- Opening Delimiter -

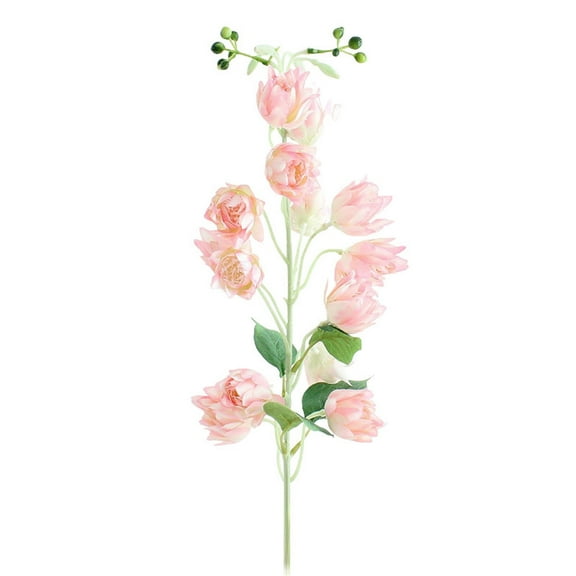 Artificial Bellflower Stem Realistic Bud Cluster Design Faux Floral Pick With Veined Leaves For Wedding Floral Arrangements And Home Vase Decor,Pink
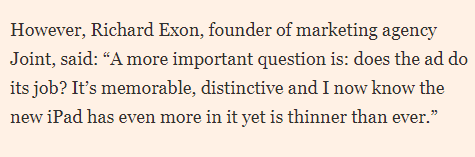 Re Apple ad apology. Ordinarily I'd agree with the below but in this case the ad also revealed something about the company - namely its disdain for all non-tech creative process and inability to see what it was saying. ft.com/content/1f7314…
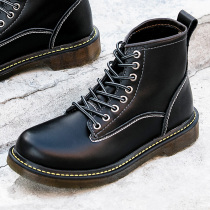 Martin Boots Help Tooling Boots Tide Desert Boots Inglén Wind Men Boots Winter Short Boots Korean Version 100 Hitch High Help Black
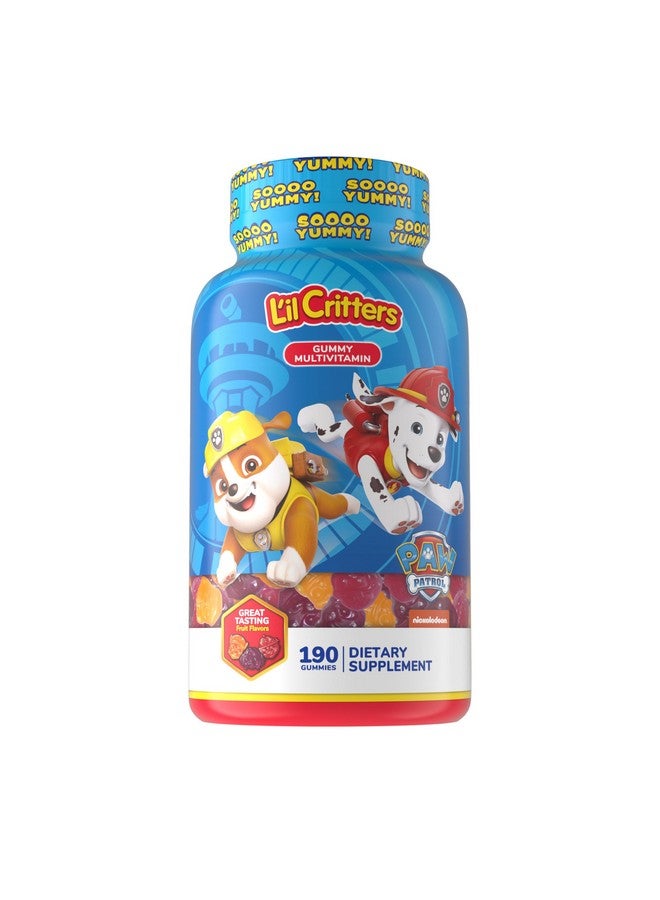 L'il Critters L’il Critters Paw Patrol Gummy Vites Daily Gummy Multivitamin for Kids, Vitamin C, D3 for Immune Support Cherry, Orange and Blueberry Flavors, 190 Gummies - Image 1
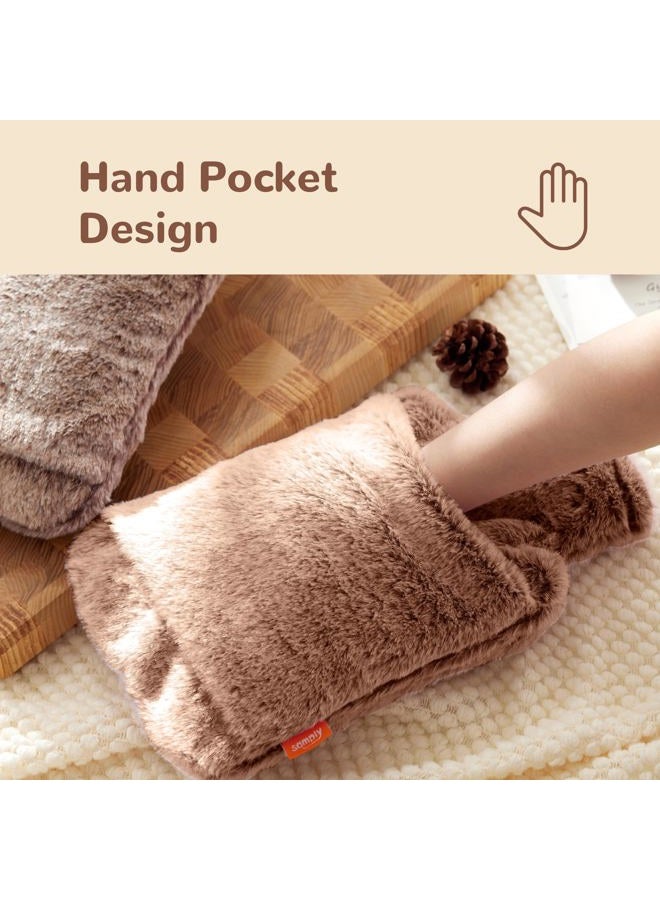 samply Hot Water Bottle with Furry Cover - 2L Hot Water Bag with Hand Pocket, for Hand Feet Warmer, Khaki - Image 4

- Closing Delimiter -
- Opening Delimiter -

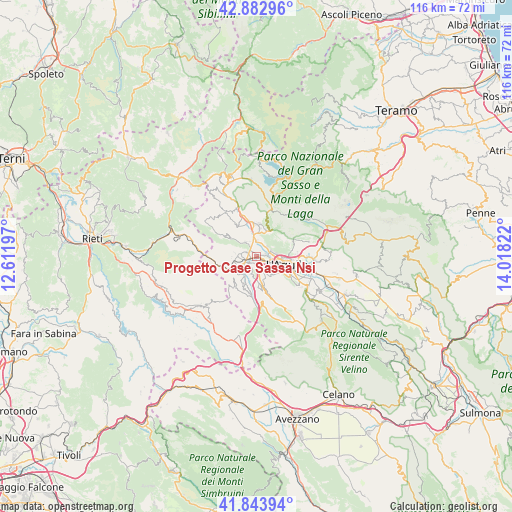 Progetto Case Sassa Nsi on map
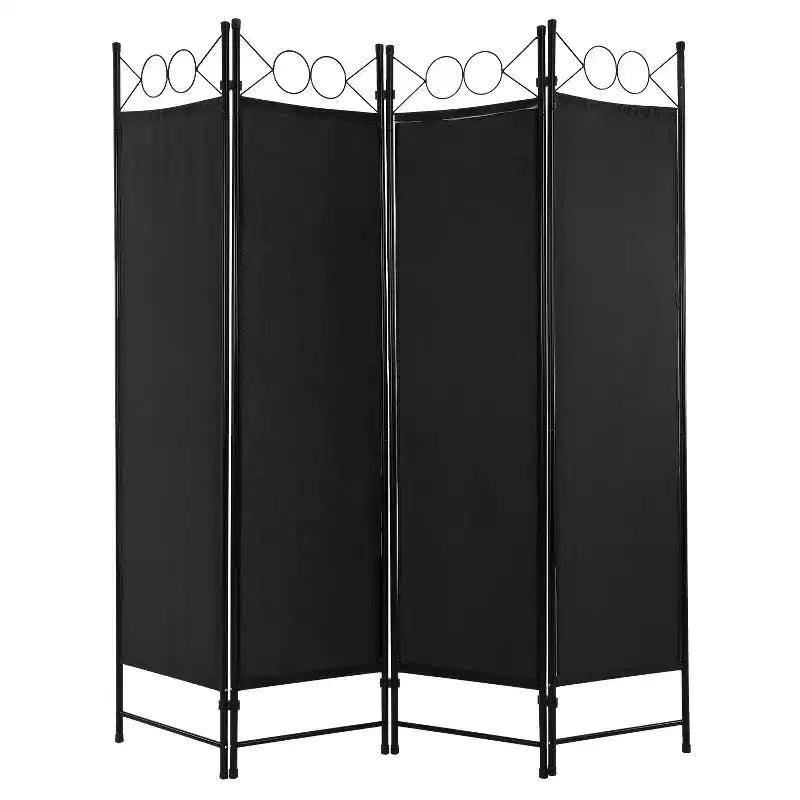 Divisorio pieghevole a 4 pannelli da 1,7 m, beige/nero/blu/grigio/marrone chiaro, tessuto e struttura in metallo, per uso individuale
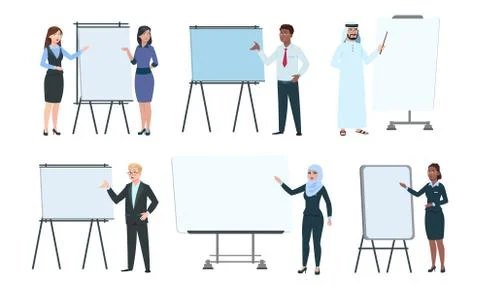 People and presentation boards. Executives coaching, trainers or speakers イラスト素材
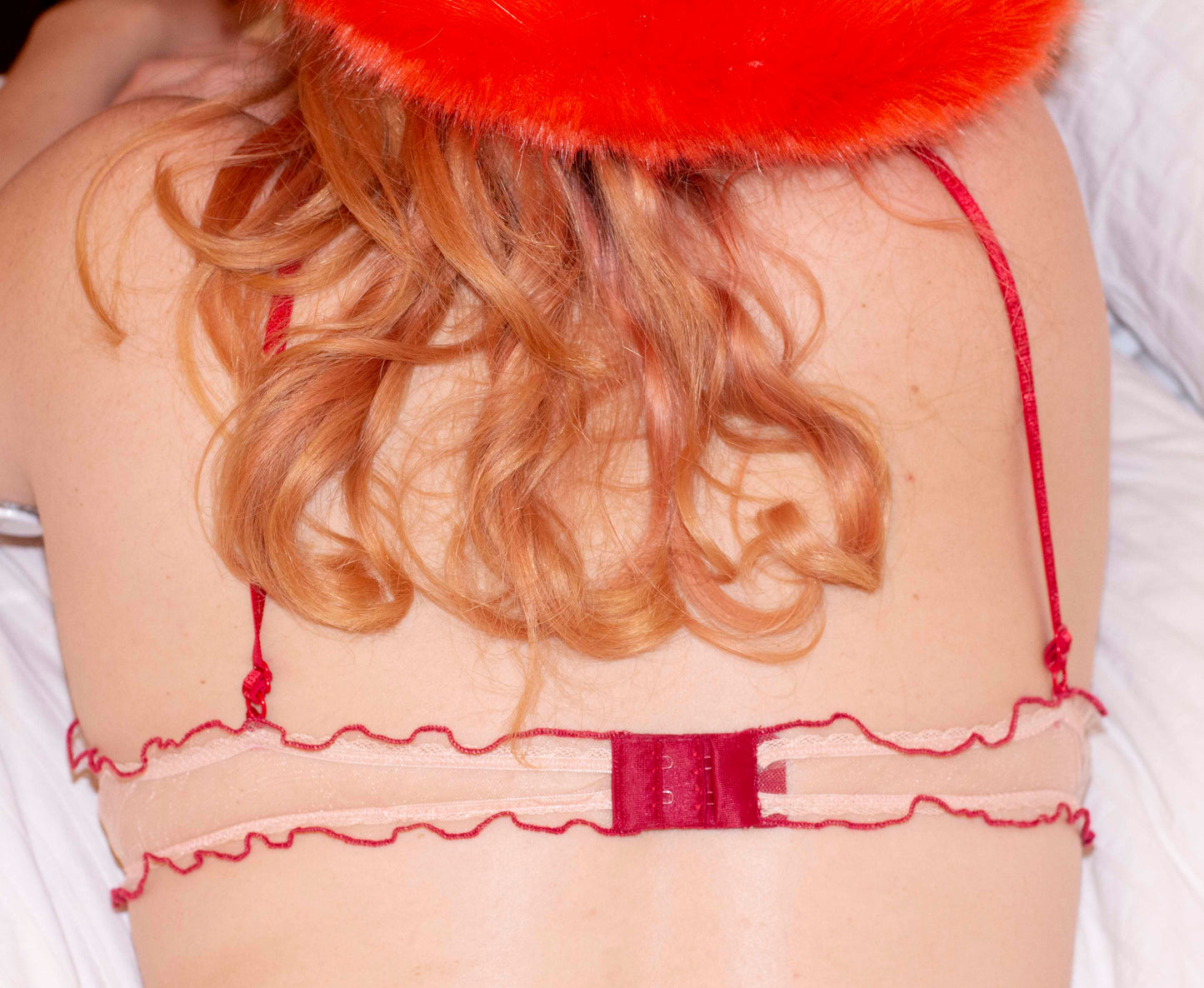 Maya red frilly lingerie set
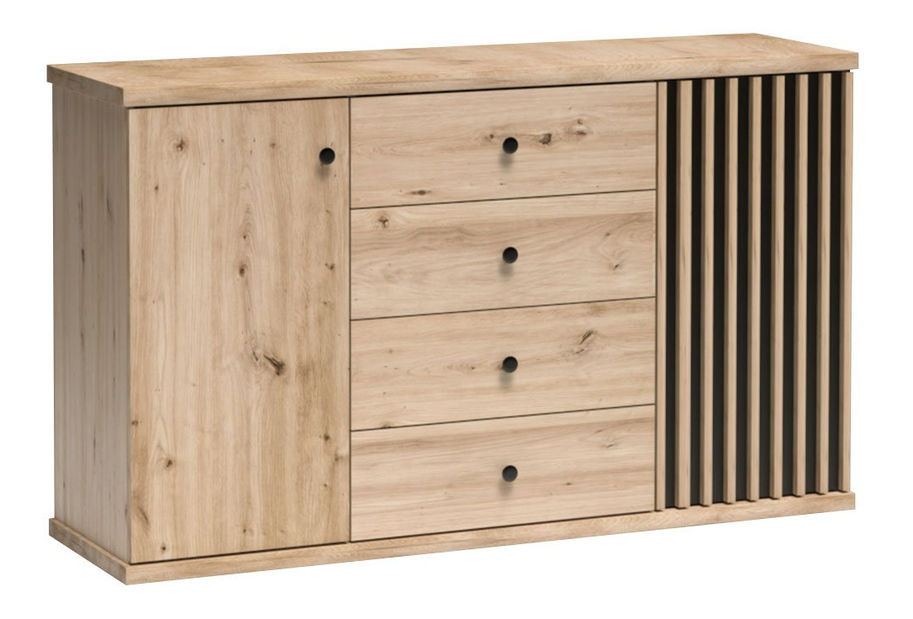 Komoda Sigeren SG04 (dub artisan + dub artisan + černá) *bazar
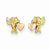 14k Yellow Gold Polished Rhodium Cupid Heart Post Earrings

- Closing Delimiter -

YOUR TASK - Of the lines above, quote exactly those from the one with "Martin Boots Help" through the one with "L'il Critters L’il", ends included; pictures stay out.

ANSWER TO THE PROBLEM -
 Martin Boots Help Tooling Boots Tide Desert Boots Inglén Wind Men Boots Winter Short Boots Korean Version 100 Hitch High Help Black
 L'il Critters L’il Critters Paw Patrol Gummy Vites Daily Gummy Multivitamin for Kids, Vitamin C, D3 for Immune Support Cherry, Orange and Blueberry Flavors, 190 Gummies - Image 1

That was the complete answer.